Barclays says subject of new regulatory probes

 UK bank Barclays has announced that it is the subject of two new regulatory probes, soon after a series of scandals that have dented its reputation.

 US authorities are looking at whether the way that Barclays won business complied with the Foreign Corrupt Practices Act.

 The bank disclosed the probes as it reported a pre-tax statutory loss of £47m for the third quarter, down from a £2.4bn profit last year.

 Shares in the bank fell 4%.

 The loss includes charges to cover the payment protection insurance (PPI) mis-selling scandal.

 "The spectre of more damage to the bank's reputation in the form of further regulatory probes is weighing heavily on the shares in early trade," said Richard Hunter, head of equities at Hargreaves Lansdown.

 "Barclays' outlook statement is also cautious, whilst the previously announced extra PPI provision has dented the overall performance. On the upside, the bank has seen a reduction in impairments and costs, has further bolstered its capital position and has reduced its exposure to the weak peripheral European markets."

 The US Department of Justice and the Securities and Exchange Commission are looking into how Barclays won its business, while the second probe is by the US Federal Energy Regulatory Commission, which has been investigating Barclays power trading in the western US with respect to the period from late 2006 through 2008.

 "Barclays intends to vigorously defend this matter," the bank said.

 Barclays' adjusted profits, not including additional charges, were £1.7bn, up from £1.3bn for the quarter last year.

 The bank said it needed to set aside a further £700m for PPI claims, on top of £1bn in 2011 and £300m in the first quarter of this year that it anticipated.

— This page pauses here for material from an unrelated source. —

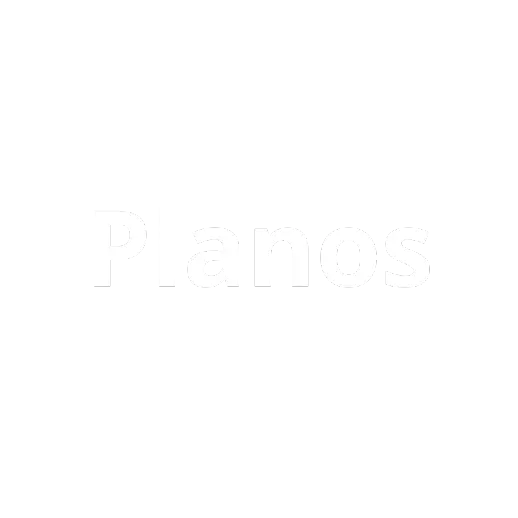 plano x3 loja virtual plano x3 loja virtual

 Chief executive Antony Jenkins said the results show "good momentum in our businesses despite the difficulties we faced through this period".

 Mr Jenkins took over at a difficult time for the banking group, which has seen its reputation severely dented. In June, Barclays was fined £290m by UK and US regulators for attempting to manipulate Libor, an interbank lending rate which affects mortgages and loans.

 The scandal saw previous boss Bob Diamond and chairman Marcus Agius depart the bank.

 And in August, the Serious Fraud Office started an investigation into payments between Barclays' bank and Qatar Holding in 2008 when the bank was raising money in the Middle East during the banking crisis.

 The entire financial services industry has come under scrutiny since the financial crisis in 2008.

 The industry's reputation has been battered further by the mis-selling of PPI, and the mis-selling of specialist insurance - called interest rate swaps - to small businesses.

 Barclays has set aside provisions of £450m for interest-rate hedging products, it said.

 It had already said it would take a £1.01bn charge related to revaluing the cost of its debt on its balance sheet.

 In the third quarter, Barclays said its staff costs fell 9% to almost £2bn, including an increase in deferred charges for bonuses in previous years to £942m.